WHAT IS EXPECTED | Starting at the line below that contains "Elegante plafondlamp met" and ending at the line that contains "Akustikbild Tempel mit Kirschblüten", retype each line exactly as it stands, but omit the pictures.

DATA IN THIS EXERCISE |

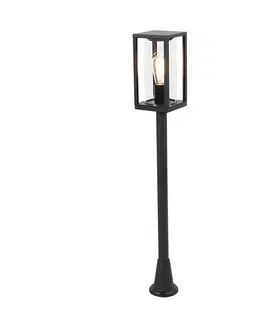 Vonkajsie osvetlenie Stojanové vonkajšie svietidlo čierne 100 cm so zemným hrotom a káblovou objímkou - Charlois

---

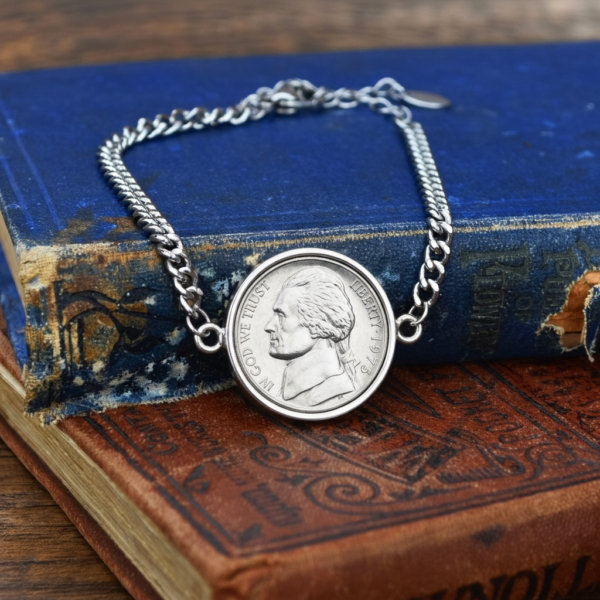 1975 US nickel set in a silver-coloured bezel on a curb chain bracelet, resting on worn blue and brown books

---

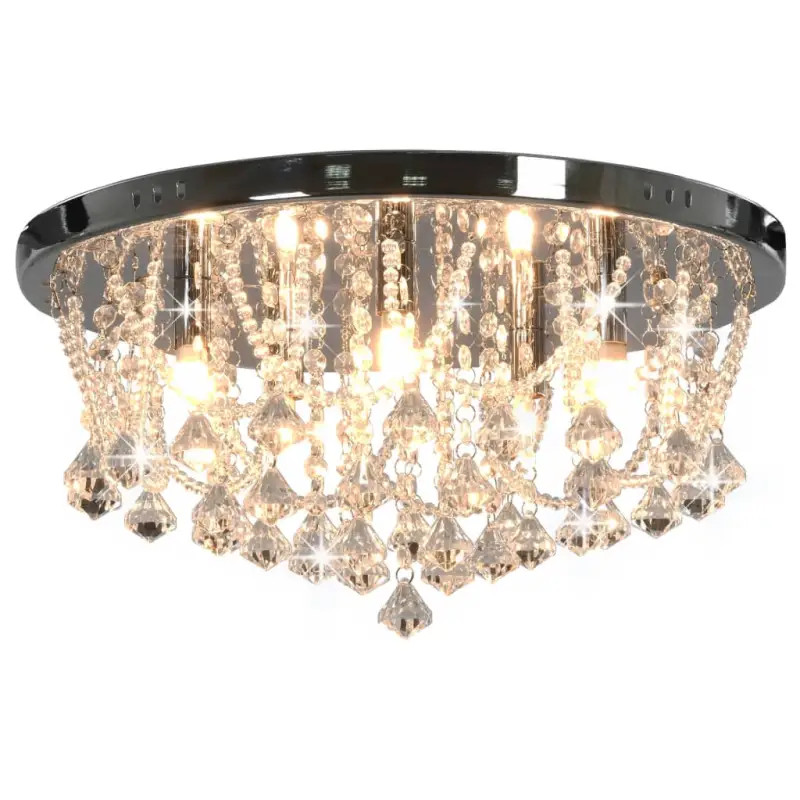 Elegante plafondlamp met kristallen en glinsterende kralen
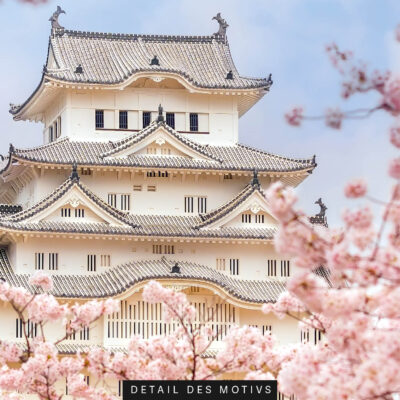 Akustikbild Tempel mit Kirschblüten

EXPECTED ANSWER |
 Elegante plafondlamp met kristallen en glinsterende kralen
 Akustikbild Tempel mit Kirschblüten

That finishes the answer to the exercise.